Implementation Estimate: 4 (medium-hard), Uncertainty: high

UX Design Estimate: 6 (medium)

b. “Search within this book” issues (other non-Latin scripts)

The "search within this book" can handle only CJK, Latin, Cyrillic, and Greek. The whole-collection search will work with Hindi, Arabic, and Hebrew, (which are among the top 20 languages in HathiTrust), but the "search within a book" will give the user an error message that says: “No pages matched your search for XXX this item,” where "XXX" is your query in a script other than the ones supported. There are similar issues for other non-Roman scripts that are supported by the whole-book search.

This could be handled by replacing the current search engine for the "search within a book" with the same search engine we are using for whole-collection search. However, that will require major work.

Implementation Estimate: 2 (hard), Uncertainty: high

UX Design Estimate: 4 (medium-hard)

Note: Replacing the “search within a book” search engine with the same search engine we are using for whole-collection search would also resolve item number 3, “improve within book search.” There are other reasons to consider this change, including the long-term goal of reducing the amount of work involved in maintaining consistency between the whole-collection search and the “search within a book” search.

Weighted total score:20

Team user value score: 5

Rationale

Assist the user with query reformulation by showing similar books.

Design guidelines:

Hearst sect 6.6:

Feasibility Issues:

Solr has a “More like this” feature built in.
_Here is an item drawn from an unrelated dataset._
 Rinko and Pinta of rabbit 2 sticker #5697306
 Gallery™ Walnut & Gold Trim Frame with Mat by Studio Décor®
However, we need to determine if it works with distributed search. This would require storing termvectors which would increase the size of the index. An alternative would be to build our own “More like this” feature, assuming we already indexed the individual book using a Solr-based index

Implementation Estimate: 6 (medium) Uncertainty: high

UX Design Estimate: 4 (medium-hard)

13. RSS feeds

Weighted total score:16

Team user value score: 4

Rationale

Researchers interested in a specific subject or author might wish to keep abreast of new holdings related to that subject or author as they enter into HathiTrust.

Design guidelines:

Follow industry-standard practices for providing, linking to, and formatting RSS feeds.

Feasibility Issues:

There are a number of design issues, both on the technical level and on the UX design level, that need to be investigated. These include:

  1. privacy and security
  2. changes to indexing to allow differentiation between newly added items and updated/modified items
  3. Scalability concerns
  4. Limiting the feed to a “reasonable” number of results in a way that is understandable to users.
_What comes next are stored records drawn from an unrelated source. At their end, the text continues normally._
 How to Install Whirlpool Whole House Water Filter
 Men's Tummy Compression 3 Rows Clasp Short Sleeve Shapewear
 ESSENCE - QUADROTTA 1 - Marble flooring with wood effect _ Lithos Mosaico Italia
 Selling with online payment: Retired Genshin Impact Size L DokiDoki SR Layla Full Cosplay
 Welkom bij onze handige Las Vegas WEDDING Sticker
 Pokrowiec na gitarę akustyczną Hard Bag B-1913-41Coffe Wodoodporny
Implementation Estimate: 6 (medium) Uncertainty: high

UX Design Estimate: 2 (hard)

14. Tag cloud on search results page

Weighted total score:10

Team user value score: 3

Notes: If tags clouds were created for each book on the search results page, there would likely be usability issues, as this might result in too much clutter and detract from users easily scanning result sets. However, a tag cloud for the entire search might be useful for suggesting terms for query reformulation. On the within-book search results page, a tag cloud for the book might be useful for suggesting terms to find similar books.

Rationale

Tag clouds provide a visualization and might provide term suggestions for query reformulation

Design guidelines:

Provide informative feedback. Favor recognition over recall.

Feasibility Issues:

There are various user-interface issues as noted above. Creating a tag cloud for the whole-collection search might be computationally expensive. Creating tag clouds for individual books would be feasible if we store termvectors. This might have a performance impact and would definitely increase the size of the index.

Implementation Estimate: 2 (hard) Uncertainty: High

UX Design Estimate: 2 (hard)

References

Hearst, M.A. Search User Interfaces. New York: Cambridge University Press, 2009.
Shneiderman, Ben. Designing the User Interface: Strategies for Effective Human-Computer Interaction. Addison-Wesley. Reading, MA. 1998.